The long-term average PET and rainfall is extracted from FAO's (1961-1990) long-term average monthly data. Note that at the end of the growing season, only current-year PET and PPT are used as input.


Water Requirement Satisfaction Index Anomaly

There are two WRSI anomaly images: "Pct Median" and "Pct Previous Year"

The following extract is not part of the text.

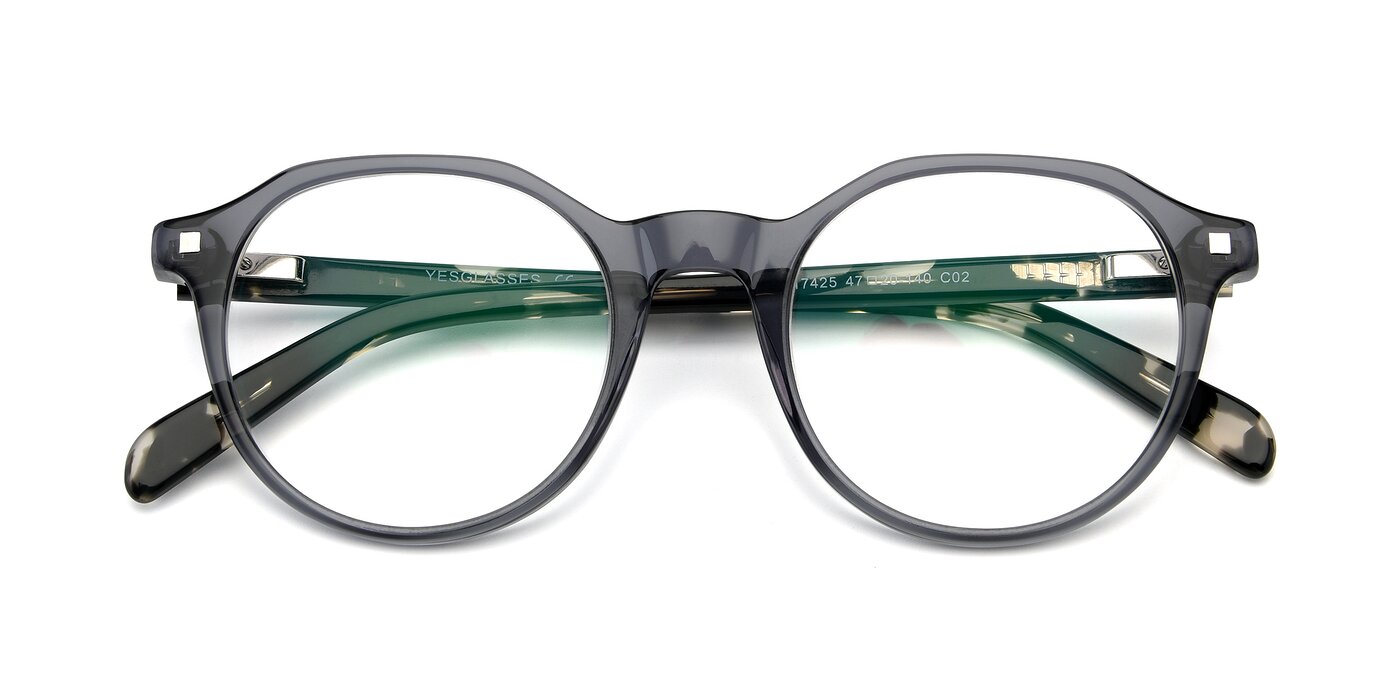 17425 - Transparent Grey Reading Glasses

Pct Median: WRSI anomaly map shows the relative magnitude of the WRSI as a percentage of the median WRSI:

WRSI Anomaly (%) = (Current WRSI / Median WRSI) * 100

where "Current WRSI" is actually the current WRSI that is extended to the end-of- season (EOS), and "Median WRSI" is the EOS WRSI generated using a median rainfall from 1996 (earliest year with RFE data) till the most recent completed year. For example, in 2007, the median WRSI is determined using dekadal median rainfall from 1996 till 2006. For regions where the growing season spans over two calendar years, the median rainfall will be calculated with one less year. In the above example, the median will be calculated using dekadal data from 1996 through 2005.

Pct Previous Year: WRSI anomaly uses the previous year end-of-season WRSI instead of the median WRSI.

Although site/region specific validation is important, the user may use these anomaly maps as a semi-quantitative indicator for the performance of the crops in relation to the average condition. For example, a value close to 100 signifies that this year's crop performance is about same compared to the median or last year, while percentage above and below 100 may indicate above and below the median or last year's production forecasts, respectively.


* Originally developed by FAO, the WRSI has been adapted and extended by USGS in a geospatial application to support FEWS NET monitoring requirements.


References:

FAO, 1977. Crop water requirements. FAO Irrigation and Drainage Paper No. 24, by Doorenbos J and W.O. Pruitt. FAO, Rome, Italy.

FAO, 1979. Agrometeorological crop monitoring and forecasting. FAO Plant Production and Protection paper No. 17, by M. Frère and G.F. Popov. FAO, Rome, Italy.

FAO, 1986. Early Agrometeorological crop yield forecasting. FAO Plant Production and Protection paper No. 73, by M. Frère and G.F. Popov. FAO, Rome, Italy.

Gesch, D.B., K.L. Verdin and S.K. Greenlee, 1999. New land surface digital elevation model covers the Earth. EOS, Transactions of the American Geophysical Union, v. 80, n. 6, pp. 69-70.

Senay, G.B. and J. Verdin, 2001. Using a GIS-Based Water Balance Model to Assess Regional Crop Performance. Proceedings of the Fifth International Workshop on Application of Remote Sensing in Hydrology, October 2-5, 2001, Montpellier, France.

Senay, G.B. and J. Verdin, 2003. Characterization of Yield Reduction in Ethiopia Using a GIS-Based Crop Water Balance Model. Canadian Journal of Remote Sensing, vol. 29, no. 6, pp. 687-692.

Shuttleworth, J., 1992. Evaporation. Handbook of Hydrology, Maidment, D. (ed.). McGraw-Hill: New York; 4.1-4.53.

Smith, M., 1992. Expert consultation on revision of FAO methodologies for crop water requirements. FAO, Rome, Publication 73.

Verdin, J. and R. Klaver, 2002. Grid cell based crop water accounting for the famine early warning system. Hydrological Processes, 16:1617-1630.

Xie, P. and P.A. Arkin, 1997. A 17-year monthly analysis based on gauge observations, satellite estimates, and numerical model outputs. Bulletin of the American Meteorological Society 78(11): 2539-58.